No, it's much more like beef.


----------



## 20kidsonhill (May 30, 2012)

mama24 said:
			
		

> No, it's much more like beef.


x2  or maybe a little more like mild venison


----------



## mama24 (May 30, 2012)

20kidsonhill said:
			
		

> mama24 said:
> 
> 
> 
> ...


x2. I was thinking that after I posted earlier.  It is much more like young doe venison than beef, but if you haven't had deer, then I would say beef is the closest common meat.  It's not really anything like lamb. the flavor might be somewhat similar but it is very very lean, and the fat is what gives lamb the strong lamb flavor.


----------



## country farm girl (May 30, 2012)

hmm. that sound good!!


----------



## Four Winds Ranch (May 30, 2012)

I was wondering the same thing myself. I raise lambs, so naturely, we usually have lamb in the freezer, but have never had goat!
 Good to know!!


----------



## poorboys (May 31, 2012)

we have a place that adds a little fat to our goat meat, and i would say that it is a little shy of tasting like lamb, our burgers can't tell the difference between it and hamburger except it's more lean, and the chops are just like lamb. i can't taste the game taste in it. maybe just the way its proccessed.


----------



## 20kidsonhill (May 31, 2012)

If you don't like lamb and don't like venison you probably wont like goat, but if you are already eating lamb and venison or you aren't a picky venison eater, then you wont have any problem eating goat meat.  Taste buds are funny. I really don't notice a gamey taste in most food, but my husband can't stand it. The venison has to be practically from a fawn for him to eat it and soaked in milk for a week. He wont touch lamb.


----------



## Catahoula (Jun 6, 2012)

My mom likes goat meat but not lamb. She said goat meat is less gamey than in lamb.
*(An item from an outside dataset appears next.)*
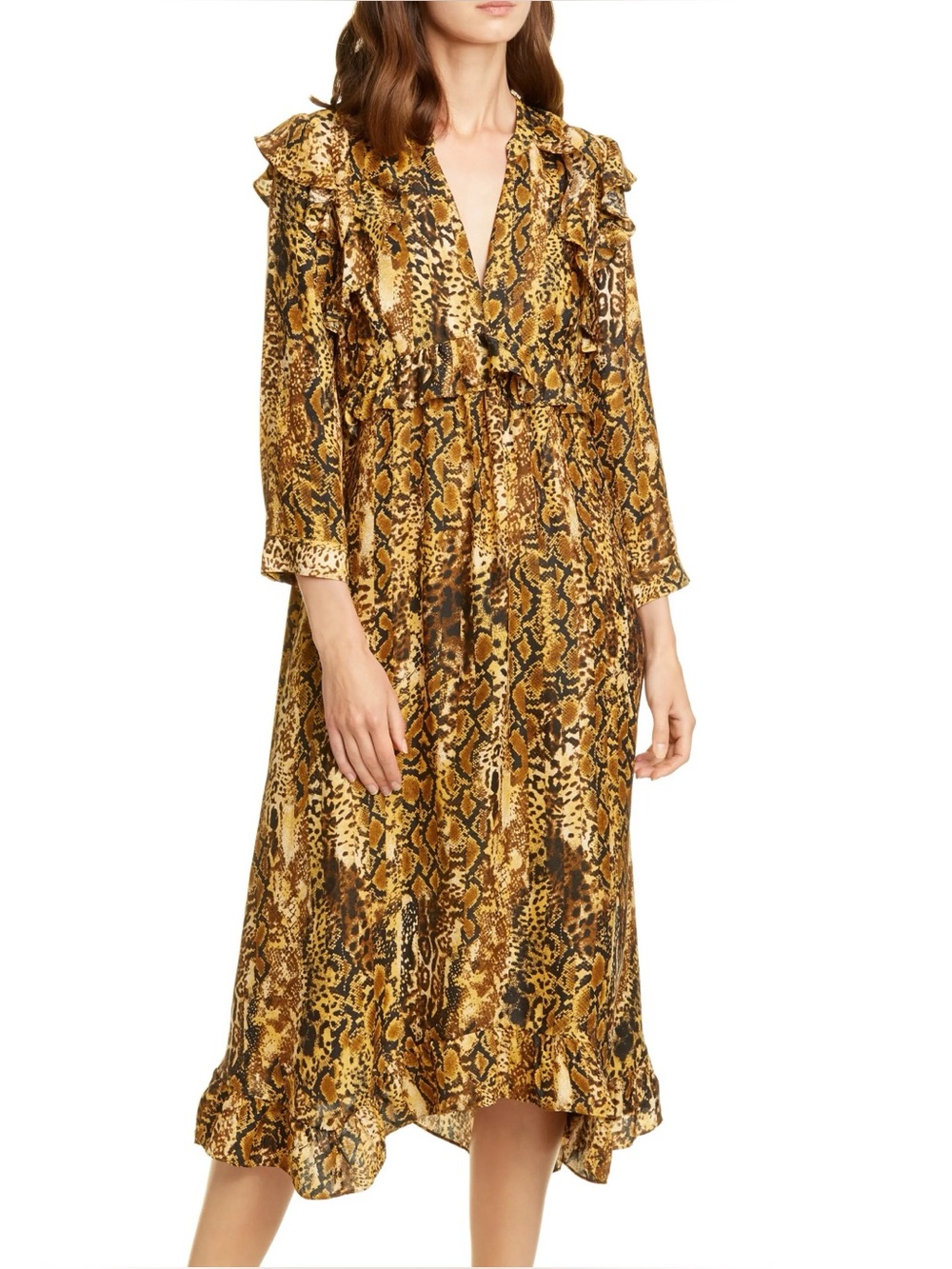 ba&sh Sahara Snake Print Ruffled V-Neck A-Line Midi Dress 2/Medium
I have never had goat meat but I can tell the gamey flavor in lamb, venison, rabbits and even duck meat. I also understand the processing of the meat has a lot to do with the gamey flavor. I tasted goat milk the first time in my life and it was delicious. I look forward to tasting goat meat in the future. I hope I like it.


----------



## dhansen (Jun 6, 2012)

So....how about buck goat meat? How does it taste?  I am either going to take this nigi buck to auction or butcher him.  Will I be grossed out by buck goat meat?


----------



## babsbag (Jun 6, 2012)

My husband is the cook at our house and he swears by a little vinegar in the marinade for goat or venison. Takes the gamey taste away. I would have to agree as the goat he cooks is might tastey.


----------



## Catahoula (Jun 6, 2012)

babsbag said:
			
		

> My husband is the cook at our house and he swears by a little vinegar in the marinade for goat or venison. Takes the gamey taste away. I would have to agree as the goat he cooks is might tastey.


I will have to remember that. Thanks!


----------